The Perth Seawater Desalination Plant, commissioned in 2006 and expanded to 144,000 m³/day, serves as a landmark case study in large-scale PX deployment. The plant employs a pressure center configuration in which multiple PX devices serve individual RO trains. Key performance data from Train 1A (Guirguis, Table 7-1) demonstrate real-world PX efficiency: with a high-pressure feed flow of 398 m³/h, brine flow of 260 m³/h, and PX low-pressure outlet pressure of 56.2 bar, the device achieved mixing of approximately 2.5% and hydraulic efficiency above 95%. The plant’s overall SEC — including intake pumps, pretreatment, high-pressure pumping, and distribution — has been reported in the range of 3.5–4.0 kWh/m³, with the RO process itself consuming approximately 2.5–2.8 kWh/m³.

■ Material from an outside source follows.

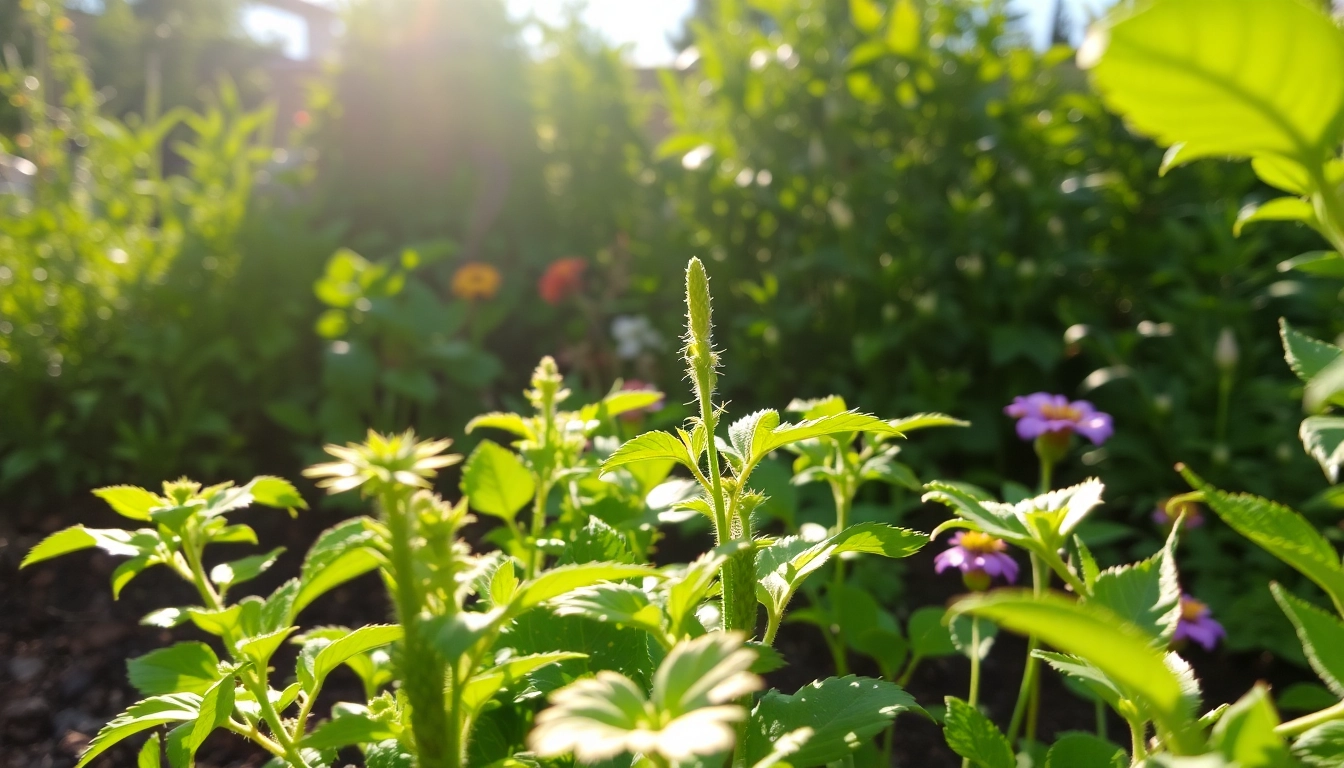 Wachstumsphase: Ein blühender Garten mit lebhaften Pflanzen und Sonnenlicht, das Wachstum symbolisierend.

The Perth experience validated several key design principles: the importance of proper PX array sizing to match RO train capacity; the need for precise booster pump sizing to compensate for the small (1–2 bar) pressure loss across the PX device; and the role of automated control systems in maintaining stable operation across variable temperature and salinity conditions.

Historical Trend: SEC Reduction Through ERD Innovation

The historical trajectory of SWRO energy consumption tells a compelling story of technological progress:

  • 1980 (Jeddah, Francis turbine): ~8.0 kWh/m³
  • 1990s (Pelton wheel, turbocharger era): 4.5–5.5 kWh/m³
  • 2000s (Early isobaric, DWEER/PX introduction): 3.0–4.0 kWh/m³
  • 2010–present (Optimized PX, large-scale plants): 2.0–3.0 kWh/m³ overall, with RO process SEC as low as 1.6–2.0 kWh/m³

Further energy optimization beyond current levels is primarily constrained by the thermodynamic minimum and by ancillary loads — intake pumping, pretreatment, and distribution. The Elsevier text Intakes and Outfalls for Seawater Reverse-Osmosis Desalination Facilities (Missimer et al., 2015) estimates that optimization of the SWRO process and its various components could potentially provide an additional 20% reduction in SEC, with concomitant greenhouse gas emission reductions. Beyond this, only emerging technologies such as forward osmosis (FO) and batch RO processes like Desalitech’s Closed Circuit Desalination (CCD™) offer the prospect of further energy reduction.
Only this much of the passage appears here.